Description of the task |
Scanning the entries below, copy every line that contains the word "York".

Supplied information |

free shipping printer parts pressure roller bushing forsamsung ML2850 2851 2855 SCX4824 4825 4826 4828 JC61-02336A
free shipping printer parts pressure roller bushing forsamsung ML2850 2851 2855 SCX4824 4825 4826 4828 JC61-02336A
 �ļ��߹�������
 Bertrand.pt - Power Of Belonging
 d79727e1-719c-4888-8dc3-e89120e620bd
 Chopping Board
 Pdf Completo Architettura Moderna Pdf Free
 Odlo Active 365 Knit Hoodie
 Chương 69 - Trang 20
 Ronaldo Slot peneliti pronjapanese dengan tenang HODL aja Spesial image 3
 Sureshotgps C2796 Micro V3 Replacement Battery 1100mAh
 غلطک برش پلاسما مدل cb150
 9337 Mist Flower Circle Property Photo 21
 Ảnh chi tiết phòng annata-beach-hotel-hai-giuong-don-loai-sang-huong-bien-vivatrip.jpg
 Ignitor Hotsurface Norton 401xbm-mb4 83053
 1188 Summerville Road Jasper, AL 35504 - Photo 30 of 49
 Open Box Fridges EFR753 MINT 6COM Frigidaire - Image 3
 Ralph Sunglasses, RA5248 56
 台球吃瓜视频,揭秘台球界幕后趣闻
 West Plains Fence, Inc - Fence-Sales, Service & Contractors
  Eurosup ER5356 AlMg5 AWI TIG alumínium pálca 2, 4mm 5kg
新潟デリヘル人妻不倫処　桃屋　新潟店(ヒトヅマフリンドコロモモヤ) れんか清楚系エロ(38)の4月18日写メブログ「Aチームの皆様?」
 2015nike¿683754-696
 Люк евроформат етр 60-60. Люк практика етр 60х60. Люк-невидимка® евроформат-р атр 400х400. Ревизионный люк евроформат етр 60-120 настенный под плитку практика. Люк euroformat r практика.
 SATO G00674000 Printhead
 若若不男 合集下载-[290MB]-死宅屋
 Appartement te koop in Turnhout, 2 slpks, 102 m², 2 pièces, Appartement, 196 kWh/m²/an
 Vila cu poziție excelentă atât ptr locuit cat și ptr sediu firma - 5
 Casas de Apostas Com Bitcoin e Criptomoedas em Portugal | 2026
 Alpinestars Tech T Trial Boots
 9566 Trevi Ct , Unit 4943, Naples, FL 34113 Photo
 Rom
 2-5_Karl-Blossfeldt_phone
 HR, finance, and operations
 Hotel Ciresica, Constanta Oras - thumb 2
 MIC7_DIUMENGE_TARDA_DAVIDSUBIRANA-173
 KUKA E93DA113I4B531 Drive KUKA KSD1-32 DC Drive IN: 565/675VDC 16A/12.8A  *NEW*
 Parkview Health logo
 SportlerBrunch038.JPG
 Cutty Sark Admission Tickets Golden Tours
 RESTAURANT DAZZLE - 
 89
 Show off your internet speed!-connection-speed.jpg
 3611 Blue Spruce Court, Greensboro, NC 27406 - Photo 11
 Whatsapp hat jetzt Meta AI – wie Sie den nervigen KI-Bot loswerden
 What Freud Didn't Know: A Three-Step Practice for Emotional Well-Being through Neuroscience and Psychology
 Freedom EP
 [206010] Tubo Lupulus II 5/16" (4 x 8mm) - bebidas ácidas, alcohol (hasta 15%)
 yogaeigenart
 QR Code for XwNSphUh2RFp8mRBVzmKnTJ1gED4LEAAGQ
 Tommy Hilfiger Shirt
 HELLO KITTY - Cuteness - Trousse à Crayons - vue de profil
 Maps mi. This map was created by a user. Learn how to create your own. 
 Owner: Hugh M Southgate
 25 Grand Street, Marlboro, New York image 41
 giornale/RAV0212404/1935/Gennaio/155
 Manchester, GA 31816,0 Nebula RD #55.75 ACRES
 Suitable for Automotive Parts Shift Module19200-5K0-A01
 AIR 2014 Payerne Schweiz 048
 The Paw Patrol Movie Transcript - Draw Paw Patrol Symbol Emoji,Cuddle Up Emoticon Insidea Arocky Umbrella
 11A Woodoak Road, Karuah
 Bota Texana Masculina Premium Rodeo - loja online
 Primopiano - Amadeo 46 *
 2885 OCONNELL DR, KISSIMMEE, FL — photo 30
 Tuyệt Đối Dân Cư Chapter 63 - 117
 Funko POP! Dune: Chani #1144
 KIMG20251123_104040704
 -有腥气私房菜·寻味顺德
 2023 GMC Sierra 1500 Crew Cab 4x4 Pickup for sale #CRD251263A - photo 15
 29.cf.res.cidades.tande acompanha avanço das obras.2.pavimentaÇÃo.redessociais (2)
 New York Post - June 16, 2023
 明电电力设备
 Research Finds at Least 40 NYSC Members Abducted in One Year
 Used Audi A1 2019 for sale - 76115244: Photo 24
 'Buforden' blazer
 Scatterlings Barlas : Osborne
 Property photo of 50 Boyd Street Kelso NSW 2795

Response for this exercise |
 25 Grand Street, Marlboro, New York image 41
 New York Post - June 16, 2023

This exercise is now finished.